Speaking about Han Kang joining the project, Paterson said:
“Han Kang expands our view of the world. Her stories are disquieting and subversive, exploring violence, cruelty, fleeting life, and the acceptance of human fragility. As 2018’s author, Han Kang makes us confront uncomfortable issues: injustice, pain, mourning and remembering; a shared loss of trust in humankind, alongside the belief in human dignity. She leads us into the very heart of human experience, with writing that is deeply tender, and transformative. I believe her sentiments will be carried through trees, received decades from now, still timeless.”
An entire forest planted to make books
As part of the project, one thousand trees have been planted in Nordmarka, a forest just outside Oslo, which will supply paper for a special anthology of books to be printed in one hundred years’ time. Between now and then, one writer every year will contribute a text, with the writings held in trust, unpublished, until 2114.

Anne Beate Hovind, the curator of the Future Library project, spoke to Nothing in the Rulebook about the ethos behind the artwork:
“Projects like this are so important for our time. Just a couple of generations back, people were thinking this way all the time. You know, you build something or plant a forest, you don’t do it for your sake – you do it for future generations.
We kind of have this fast food thinking and now we have to prepare something for the next generation. I think more people realise the world is a little lost and we need to get back on track.”
“Pray for the fates of both humans and books”
Speaking about joining the project, Han Kang said:
“My first impression of the concept of Future library, was that it was a project about time.
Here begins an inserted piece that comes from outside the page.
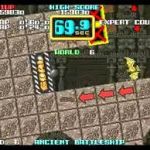 神ゲーではないがこれぞ発想の勝利というゲームならばキャメルトライ。画面を回して弾を転がすという極めて単純なゲームだから飽きるがたまにさわると面白い。でもすぐ飽きる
It deals with the time scope of one hundred years. In Korea, when a couple gets married, people bless them to live together ‘for one hundred years’. It sounds like almost an eternity.
I can’t survive one hundred years from now, of course. No-one who I love can survive, either. This relentless fact has made me reflect on the essential part of my life. Why do I write? Who am I talking to, when I write? Then I imagined a world, where no-one I love exists any longer. And in that world, the trees in Norway still exist, who I once met when I was alive. The clear gap of the lifespan between humans and trees struck me. This meditation is so strong that it has the power to directly open our eyes to the impermanence of our mortal lives and all the more precious fragility of our lives.
Ultimately, Future Library deals with the fate of paper books. I would like to pray for the fates of both humans and books. May they survive and embrace each other, in and after one hundred years, even though they couldn’t reach eternity…”
Safe storage
All one hundred manuscripts will be held in a specially designed room in the new Oslo Public Library opening in 2020. Intended to be a space of contemplation, this room – designed by the Katie Paterson alongside a team of architects – will be lined with wood from the Nordmarka forest. The authors’ names and titles of their works will be on display, but none of the manuscripts will be available for reading until their publication in one century’s time. No adult living now will ever know what is inside the boxes, other than that they are texts of some kind that will withstand the ravages of time and be available in the year 2114.
Han Kang will hand over her manuscript in the Norwegian forest on Saturday 25 May 2019, everyone is welcome.
I think this is such a wonderful idea. It makes me feel hopeful for the future of literature.